Part 3: CI/CD Pipeline Best Practices

The Day Our Pipeline Saved Us from Disaster

A developer on my team once pushed a commit that accidentally deleted a critical database index migration. The code compiled, the unit tests passed, but deploying it would have caused massive performance degradation. Our CI/CD pipeline caught it—the integration tests failed because queries took 10+ seconds instead of milliseconds.

That pipeline didn't happen by accident. It was built through years of learning from failures, understanding what gates actually matter, and balancing speed with safety. This part covers the testing gates, quality checks, and promotion flows I use to keep bad code from reaching production.
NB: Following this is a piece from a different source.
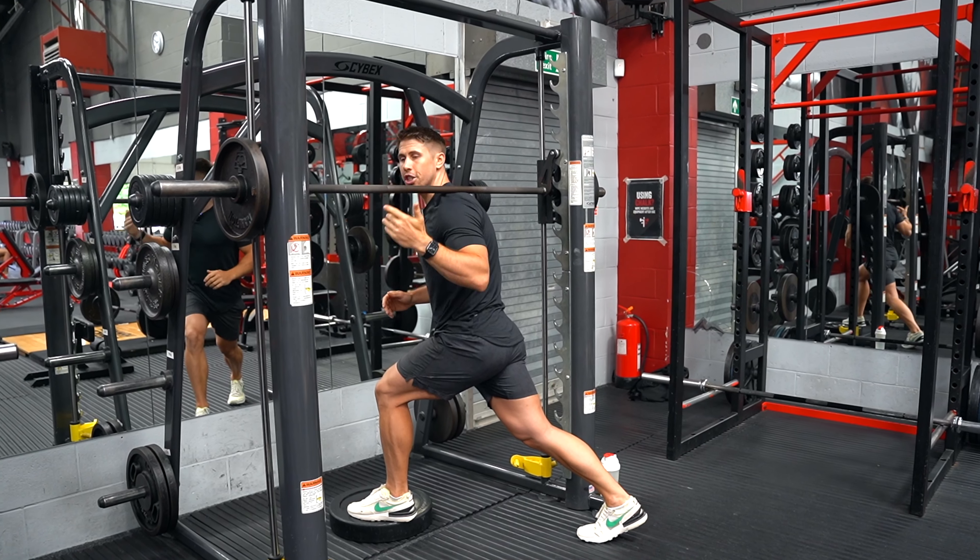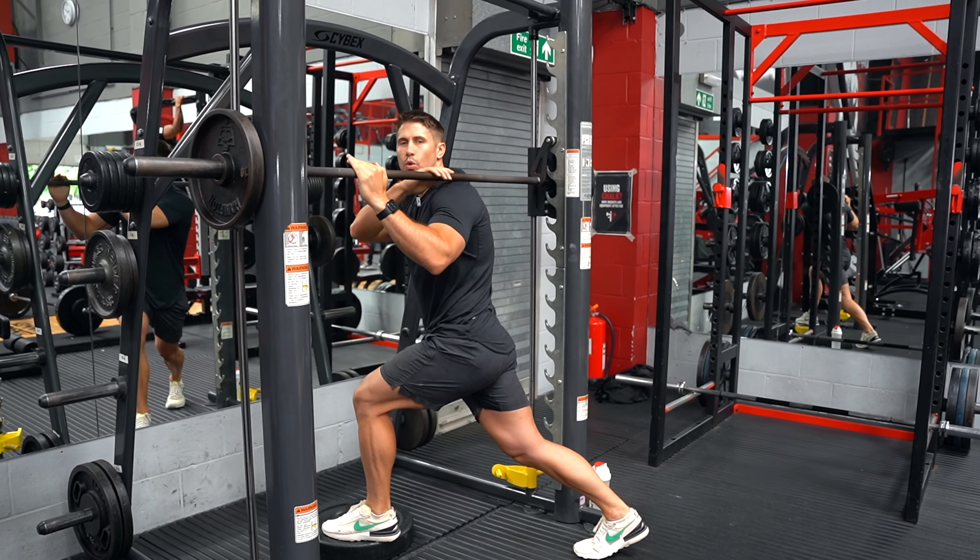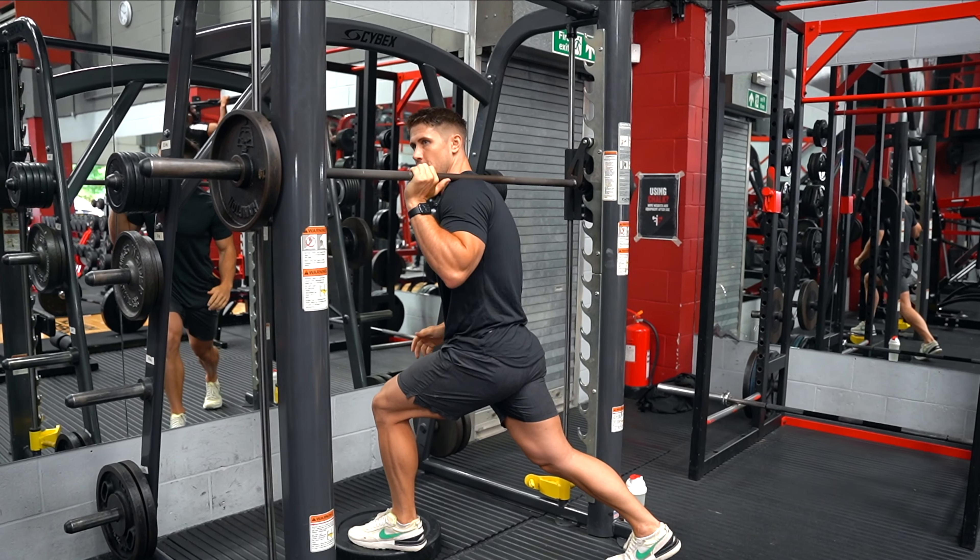Bar angled over one shoulder. Just to know if that bar is really kind of digging into your upper traps, you can just put a squat bar pad over the top if you want to.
The Anatomy of a Good CI/CD Pipeline

A robust CI/CD pipeline is a series of automated gates. Each gate represents a quality check. Code must pass all gates before progressing to the next environment. Here's the pipeline architecture I use:

Developer Push → GitHub
    ↓
[Build Stage]
    ↓
[Unit Tests Gate]  ← Fast feedback (< 2 min)
    ↓
[Code Quality Gate]  ← Linting, formatting, security scans
    ↓
[Integration Tests Gate]  ← Test with dependencies (< 5 min)
    ↓
[Container Build & Scan]  ← Build image, scan vulnerabilities
    ↓
[Deploy to Dev Environment]  ← Automatic deployment
    ↓
[Smoke Tests Gate]  ← Validate basic functionality
    ↓
[Deploy to Staging Environment]  ← Automatic deployment
    ↓
[End-to-End Tests Gate]  ← Full user journey tests
    ↓
[Performance Tests Gate]  ← Load and stress tests
    ↓
[Manual Approval Gate]  ← Product owner review (optional)
    ↓
[Deploy to Production]  ← Canary or blue/green
    ↓
[Production Validation]  ← Monitor metrics, automated checks

Not every project needs all these gates. Start with the essentials and add more based on failures you experience.
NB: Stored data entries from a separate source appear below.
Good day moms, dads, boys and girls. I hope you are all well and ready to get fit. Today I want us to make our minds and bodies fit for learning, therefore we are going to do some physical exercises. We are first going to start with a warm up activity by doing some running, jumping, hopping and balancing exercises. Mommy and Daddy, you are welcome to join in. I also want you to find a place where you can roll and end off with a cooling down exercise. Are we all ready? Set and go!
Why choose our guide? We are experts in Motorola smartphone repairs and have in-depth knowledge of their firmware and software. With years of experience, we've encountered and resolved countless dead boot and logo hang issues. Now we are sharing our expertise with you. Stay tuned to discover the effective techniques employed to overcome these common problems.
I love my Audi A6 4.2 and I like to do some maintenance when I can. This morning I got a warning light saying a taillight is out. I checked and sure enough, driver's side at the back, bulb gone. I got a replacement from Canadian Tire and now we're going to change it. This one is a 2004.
Building Blocks: Unit Tests Gate

Unit tests are your first line of defense. They're fast, isolated, and catch logic errors early. I require unit test coverage of at least 80% for new code (not the whole codebase—that's unrealistic for existing projects).
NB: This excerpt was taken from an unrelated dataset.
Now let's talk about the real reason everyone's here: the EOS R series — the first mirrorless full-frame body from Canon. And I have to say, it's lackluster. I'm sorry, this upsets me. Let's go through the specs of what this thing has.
My GitHub Actions Unit Test Configuration

name: CI Pipeline

on:
  push:
    branches: [ main, develop ]
  pull_request:
    branches: [ main, develop ]

jobs:
  unit-tests:
    name: Unit Tests
    runs-on: ubuntu-latest
    timeout-minutes: 10
    
    steps:
    - name: Checkout code
      uses: actions/checkout@v4
      
    - name: Set up Node.js
      uses: actions/setup-node@v4
      with:
        node-version: '20'
        cache: 'npm'
    
    - name: Install dependencies
      run: npm ci
      
    - name: Run unit tests
      run: npm run test:unit -- --coverage
      
    - name: Check coverage thresholds
      run: |
        npm run test:coverage:check
        
    - name: Upload coverage to Codecov
      uses: codecov/codecov-action@v3
      with:
        files: ./coverage/coverage-final.json
        flags: unittests
        fail_ci_if_error: true

Key decisions:

timeout-minutes: 10: If tests hang, fail fast
npm ci instead of npm install: Ensures reproducible builds
Coverage check: Fails if new code doesn't meet threshold
Upload to Codecov: Track coverage over time

Unit Test Strategy

I write unit tests that:

Test business logic, not implementation details: Don't test that a function was called—test that the right outcome happened
Are fast: Unit tests should complete in milliseconds, not seconds
Are isolated: No database, no network, no file system
Have clear names: shouldReturnErrorWhenUserNotFound() not testFindUser()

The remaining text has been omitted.